---------- Raw data

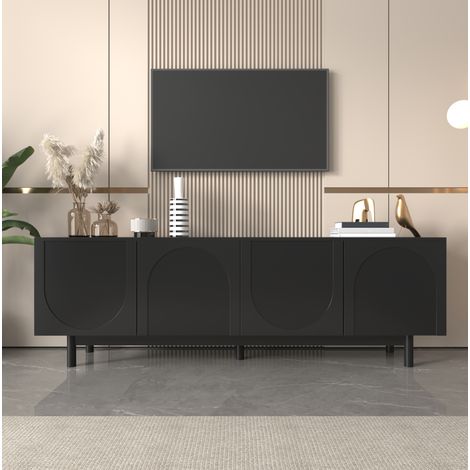 Meuble TV 175 x 38 x 56 cm avec 4 portes push-to-open et étagères réglables noir DESVIAE (1/5)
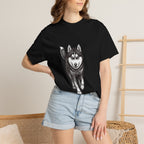 Husky Walk Graphic T-Shirt — Realistic Siberian Husky Illustration
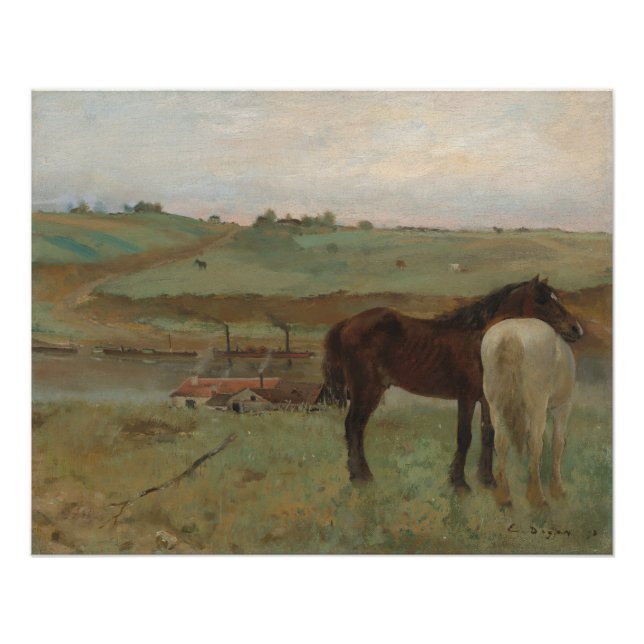 Pferde auf Wiese, Ölgemälde, Edgar Degas Poster (Vorderseite)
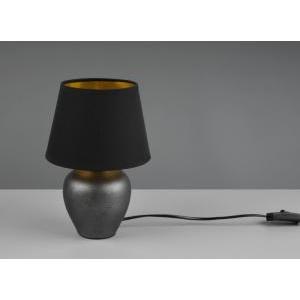 Lampada da tavolo abby ceramica nichel anticato e diffusore nero ip20 lampadina esclusa r50601002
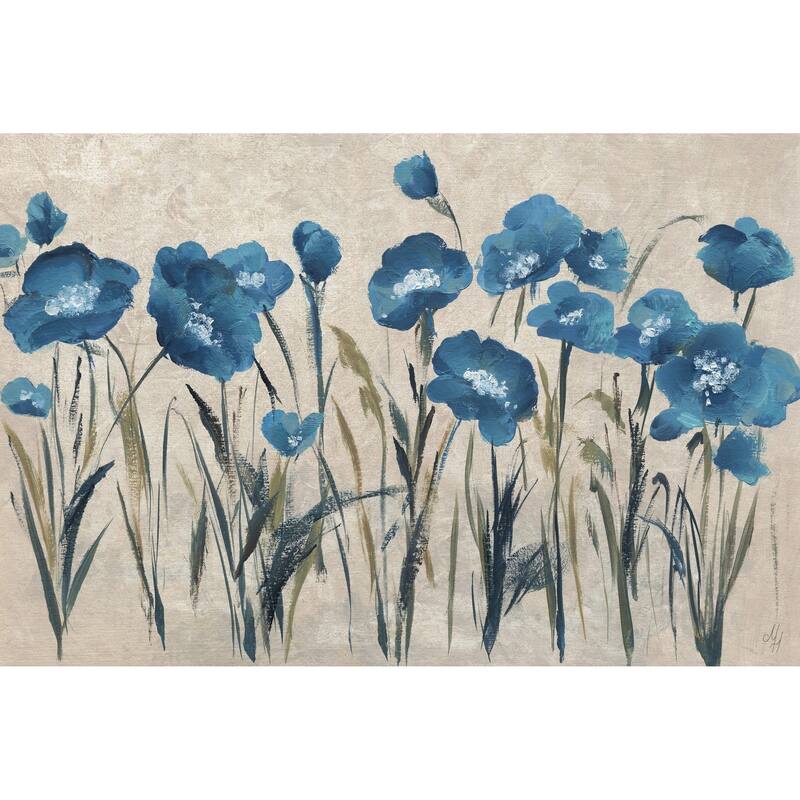 Blue Flowers' Painting Print on Wrapped Canvas - Multi-Color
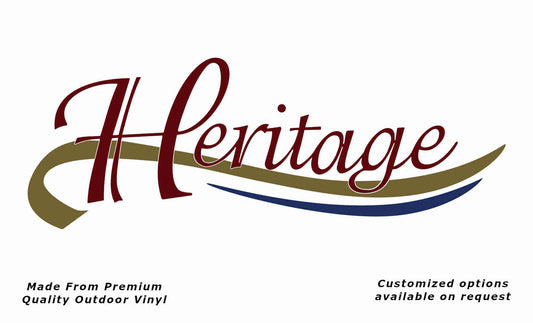 Jayco heritage 2002 caravan vinyl replacement decal sticker in purple-red, gold and dark-blue.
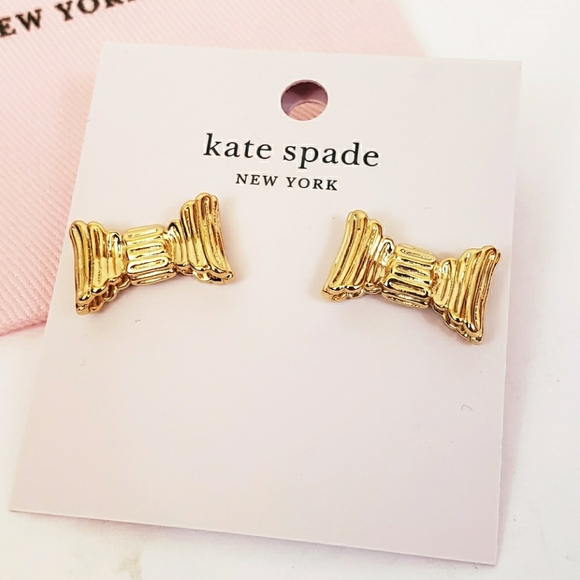 *SALE* NWT Kate Spade All Wrapped Up Gold Bow Stud Earrings + Dust Bag Holiday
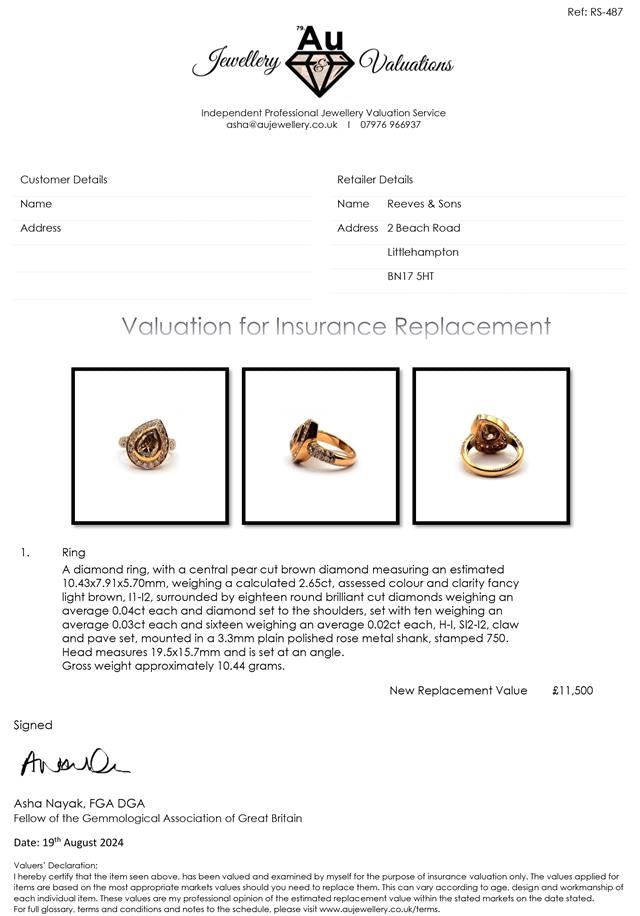 18ct rose gold ring with a 2.65 carat pear cut brown diamond, showcasing an elegant and sparkling jewelry piece.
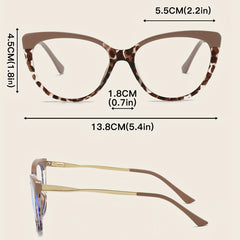 Leopard Cat Eye Retro Glasses with Metal Temple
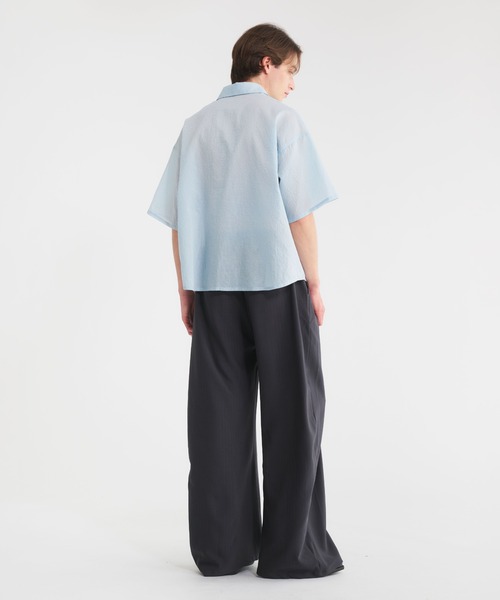 Regen Glanz（レーゲングランツ）の「striped sheer shirt/ストライプシアーシャツ（シャツ/ブラウス・メンズ・ブルー/グレー/ブラック・MEDIUM/SMALL/LARGE）」の15枚目の写真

--------------------

Task brief: Pictures are not part of the copy; retype all the other material exactly.

Response for this exercise:
 Meuble TV 175 x 38 x 56 cm avec 4 portes push-to-open et étagères réglables noir DESVIAE (1/5)
 Husky Walk Graphic T-Shirt — Realistic Siberian Husky Illustration
 Pferde auf Wiese, Ölgemälde, Edgar Degas Poster (Vorderseite)
 Lampada da tavolo abby ceramica nichel anticato e diffusore nero ip20 lampadina esclusa r50601002
 Blue Flowers' Painting Print on Wrapped Canvas - Multi-Color
 Jayco heritage 2002 caravan vinyl replacement decal sticker in purple-red, gold and dark-blue.
 *SALE* NWT Kate Spade All Wrapped Up Gold Bow Stud Earrings + Dust Bag Holiday
 18ct rose gold ring with a 2.65 carat pear cut brown diamond, showcasing an elegant and sparkling jewelry piece.
 Leopard Cat Eye Retro Glasses with Metal Temple
 Regen Glanz（レーゲングランツ）の「striped sheer shirt/ストライプシアーシャツ（シャツ/ブラウス・メンズ・ブルー/グレー/ブラック・MEDIUM/SMALL/LARGE）」の15枚目の写真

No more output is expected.